→ **RECORDED INFORMATION**:
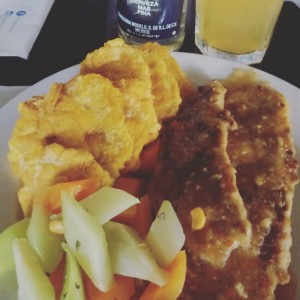 corvina al ajillo con patacones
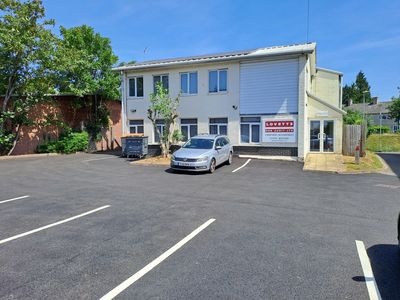 Property Image for Bridge House, 25 Fiddlebridge Lane, Hatfield, Hertfordshire, AL10 0SP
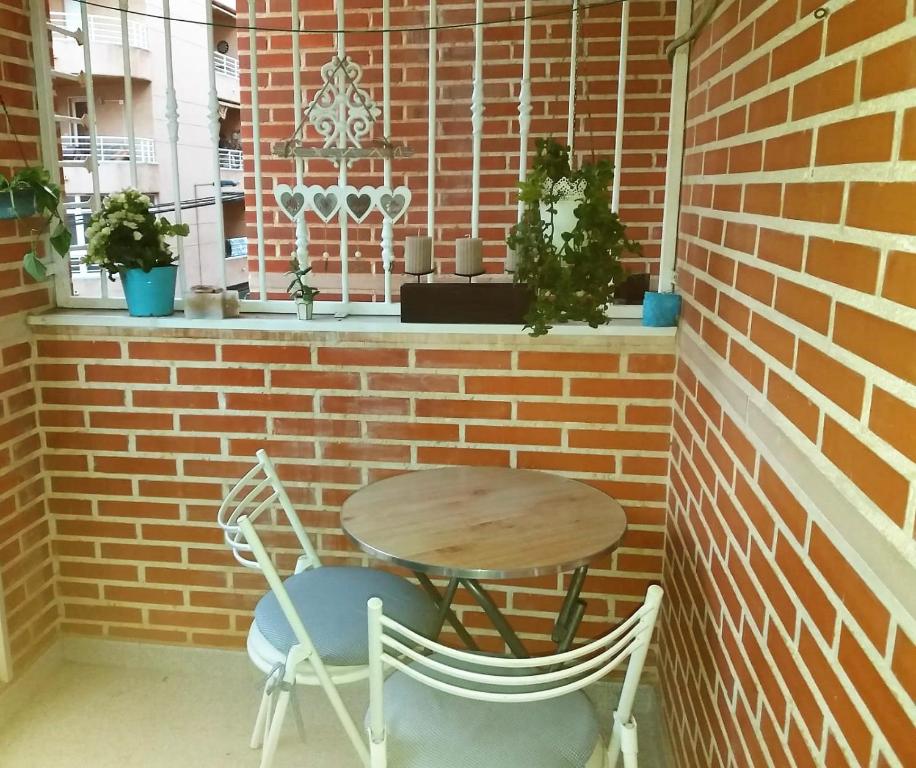 AMAZING SUNNY FLAT WITH BALCONY POOL two MINS FROM THE BEACHimagen principal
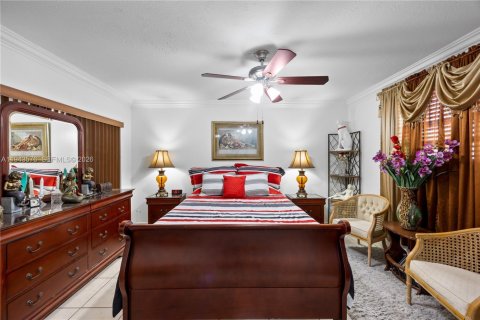 Casa en venta en Cutler Bay, Florida, 6 dormitorios, 204.2 m2 № 2001001 - foto 29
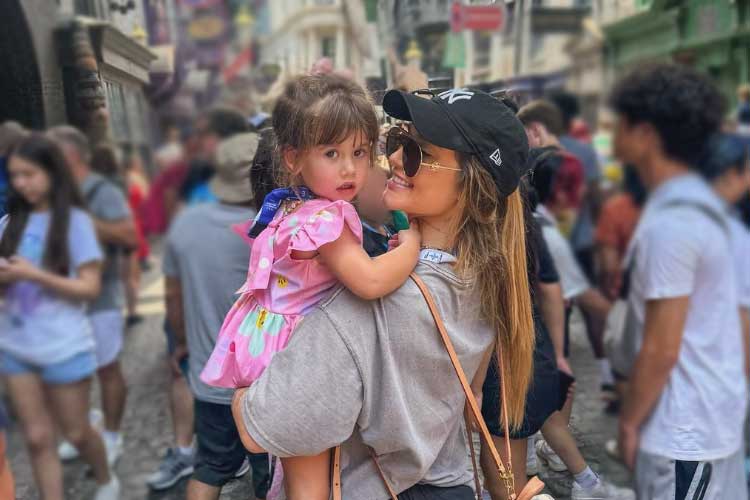 Virginia Fonseca se emociona ao publicar registro das filhas: ‘Meu Deus do céu!’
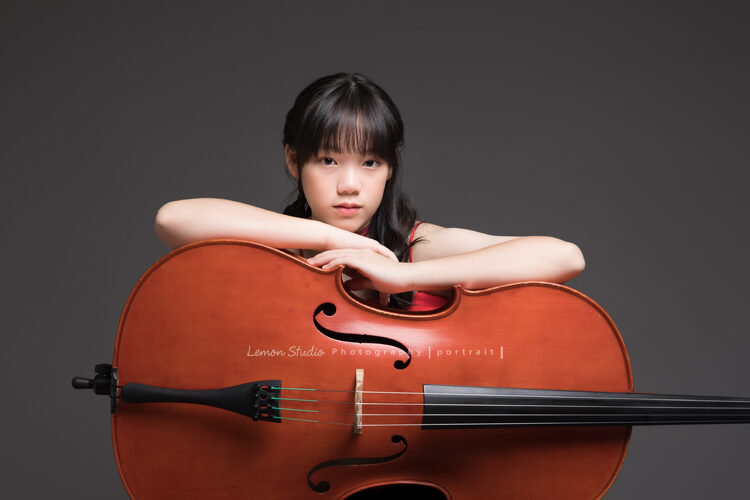 翊恩為即將來到的音樂會海報來拍照，這張是翊恩與她的大提琴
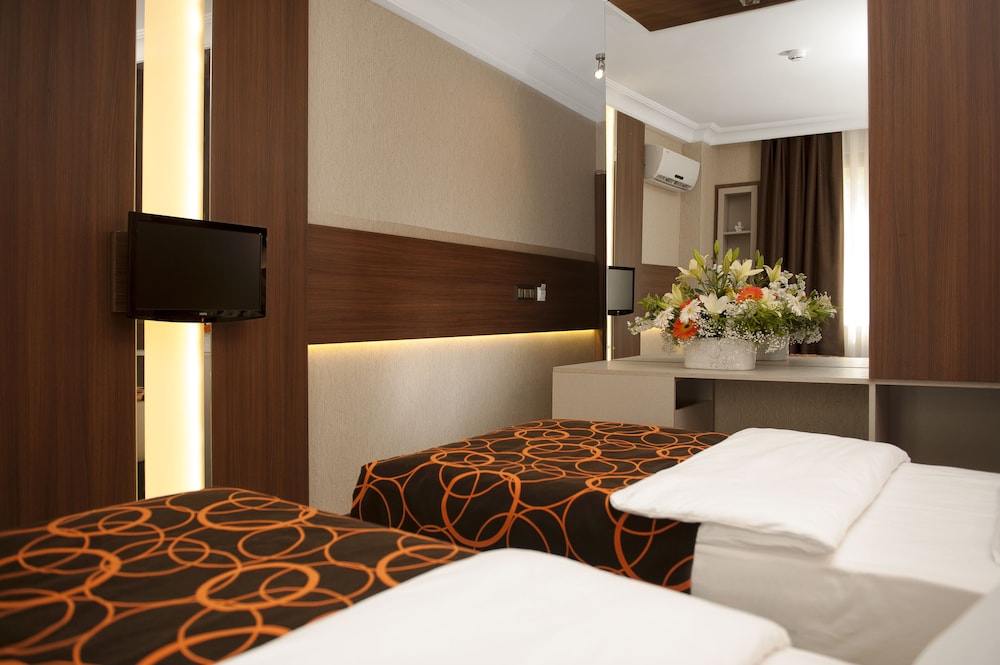Standard Triple Room photo 3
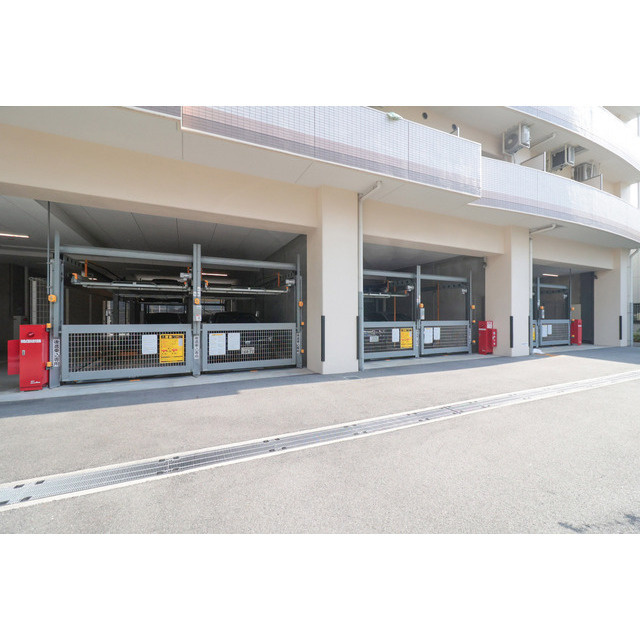 セレニテ江坂ルフレの駐車場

→ **TASK INSTRUCTIONS**:
Write out the material above precisely, leaving each picture behind.

→ **WRITTEN RESPONSE**:
 corvina al ajillo con patacones
 Property Image for Bridge House, 25 Fiddlebridge Lane, Hatfield, Hertfordshire, AL10 0SP
 AMAZING SUNNY FLAT WITH BALCONY POOL two MINS FROM THE BEACHimagen principal
 Casa en venta en Cutler Bay, Florida, 6 dormitorios, 204.2 m2 № 2001001 - foto 29
 Virginia Fonseca se emociona ao publicar registro das filhas: ‘Meu Deus do céu!’
 翊恩為即將來到的音樂會海報來拍照，這張是翊恩與她的大提琴
Standard Triple Room photo 3
 セレニテ江坂ルフレの駐車場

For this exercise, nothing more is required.